Silva took the picture anyway, saying he photographed the corpses of strangers all the time and now he needed to photograph his dead friend.
Three months later, Silva instinctively photographed the moment when two of his best friends, Oosterbroek and Marinovich, were shot in Thokoza.
Images of the mortally wounded Oosterbroek were published the next day, and Oosterbroek's widow lashed out at Silva for taking the pictures.
"Because it was me, one of Ken's closest friends, it broke the rules" in her mind, he said. "It hurt me deeply. It made me question my motive. It made me question my humanity, you know."
He struggled with that issue for weeks, eventually finding clarity in his chosen role.
"It all falls into the same category: casualties of war," Silva said. "If you have the guts to photograph people you don't know -- corpses in the street -- then if it happens to your own friends, journalists, you have to have the courage to photograph them too."
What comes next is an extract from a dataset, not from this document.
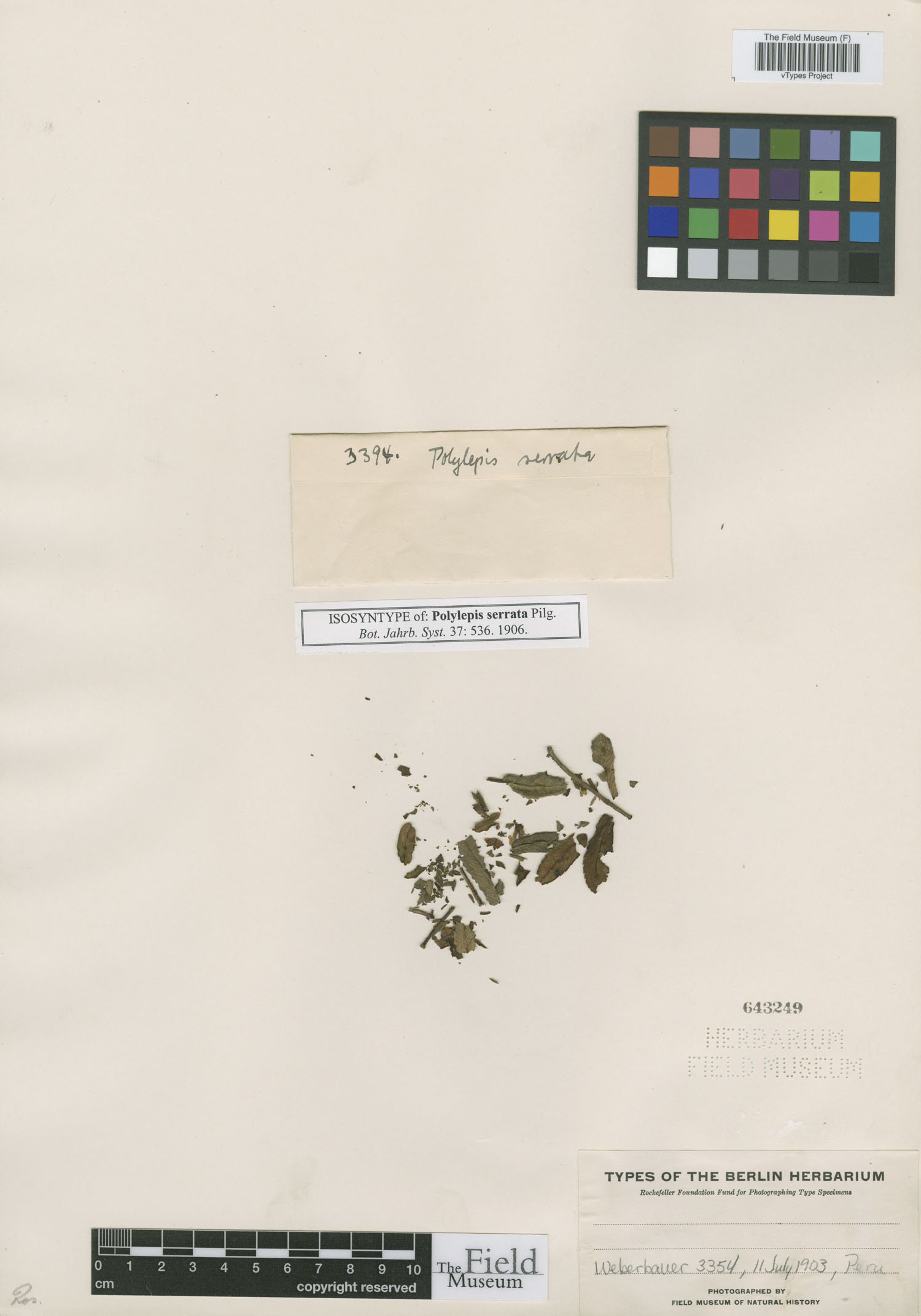 Polylepis serrata image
That remained true for him in October in Afghanistan. After the land mine exploded, Silva's first instinct on seeing his mangled legs was to take photos.
He snapped off three frames before the pain forced him to drop the camera.
"I wanted a picture of the medics working on me from my perspective," Silva said. "If it had been a soldier, I'd be trying to get the same picture."
His motive was simple: "I was a casualty of war. I was trying to capture a bit of my own history as a casualty of war."